The problem:
In your copy, the records appear word for word and the pictures do not appear at all.

◇ ◇ ◇ ◇ ◇

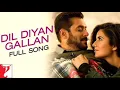 New 2026 Hindi Song | Dil Diyan Gallan | Tiger Zinda Hai | Salman Khan | Katrina Kaif | Atif Aslam
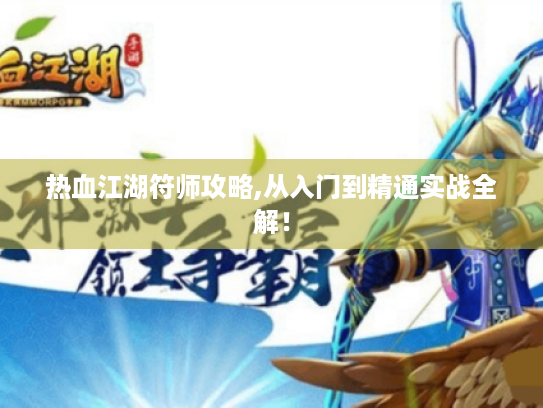 热血江湖符师攻略,从入门到精通实战全解! 热血江湖符师攻略,从入门到精通实战全解!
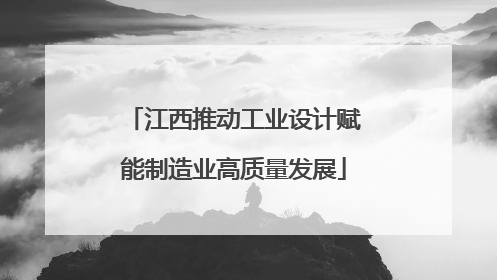 江西推动工业设计赋能制造业高质量发展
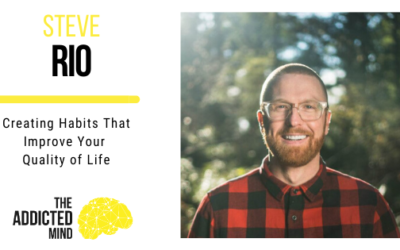 Episode 81 Creating Habits That Improve Your Quality of Life with Steve Rio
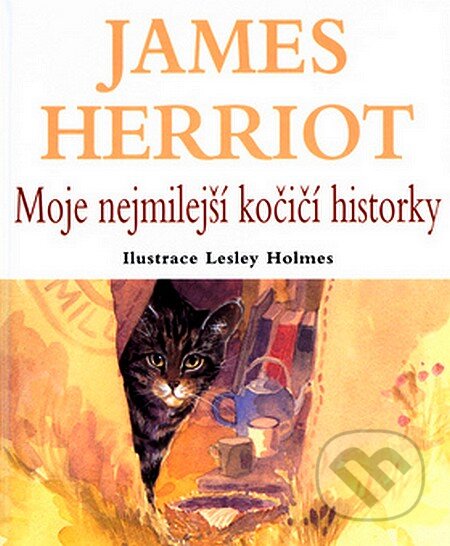 Kniha: Moje nejmilejší kočičí historky (James Herriot). Baronet, 2007 Kniha: Moje nejmilejší kočičí historky (James Herriot). Baronet, 2007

◇ ◇ ◇ ◇ ◇

Answer for the task:
 New 2026 Hindi Song | Dil Diyan Gallan | Tiger Zinda Hai | Salman Khan | Katrina Kaif | Atif Aslam
 热血江湖符师攻略,从入门到精通实战全解! 热血江湖符师攻略,从入门到精通实战全解!
 江西推动工业设计赋能制造业高质量发展
 Episode 81 Creating Habits That Improve Your Quality of Life with Steve Rio
 Kniha: Moje nejmilejší kočičí historky (James Herriot). Baronet, 2007 Kniha: Moje nejmilejší kočičí historky (James Herriot). Baronet, 2007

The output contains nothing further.